> [Exercise brief]:
Could you copy every line of the data that contains the word "with"?

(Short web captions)
- - - -

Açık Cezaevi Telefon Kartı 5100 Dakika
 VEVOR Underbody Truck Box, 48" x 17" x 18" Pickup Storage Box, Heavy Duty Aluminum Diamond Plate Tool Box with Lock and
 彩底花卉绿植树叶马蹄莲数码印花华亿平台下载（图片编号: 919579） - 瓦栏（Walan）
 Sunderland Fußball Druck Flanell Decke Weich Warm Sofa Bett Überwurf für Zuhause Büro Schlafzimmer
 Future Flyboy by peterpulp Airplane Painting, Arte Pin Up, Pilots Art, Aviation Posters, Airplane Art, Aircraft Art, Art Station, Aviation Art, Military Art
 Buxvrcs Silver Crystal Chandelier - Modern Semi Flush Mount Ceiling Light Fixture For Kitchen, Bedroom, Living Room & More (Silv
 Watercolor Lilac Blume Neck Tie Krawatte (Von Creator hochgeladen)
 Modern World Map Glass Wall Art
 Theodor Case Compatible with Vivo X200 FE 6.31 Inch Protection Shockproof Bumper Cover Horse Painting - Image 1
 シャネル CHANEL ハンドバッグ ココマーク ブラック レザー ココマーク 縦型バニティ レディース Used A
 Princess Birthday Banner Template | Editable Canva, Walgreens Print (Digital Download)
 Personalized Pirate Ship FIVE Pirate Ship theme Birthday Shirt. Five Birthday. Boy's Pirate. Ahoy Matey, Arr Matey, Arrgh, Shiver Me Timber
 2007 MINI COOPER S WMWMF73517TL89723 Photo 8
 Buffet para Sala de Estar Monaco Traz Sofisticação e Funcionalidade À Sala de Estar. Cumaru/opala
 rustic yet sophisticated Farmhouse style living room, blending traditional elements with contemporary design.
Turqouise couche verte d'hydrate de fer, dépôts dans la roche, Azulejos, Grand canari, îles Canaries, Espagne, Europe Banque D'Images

- - - -

> [Answer space]:
 VEVOR Underbody Truck Box, 48" x 17" x 18" Pickup Storage Box, Heavy Duty Aluminum Diamond Plate Tool Box with Lock and
 Theodor Case Compatible with Vivo X200 FE 6.31 Inch Protection Shockproof Bumper Cover Horse Painting - Image 1
 rustic yet sophisticated Farmhouse style living room, blending traditional elements with contemporary design.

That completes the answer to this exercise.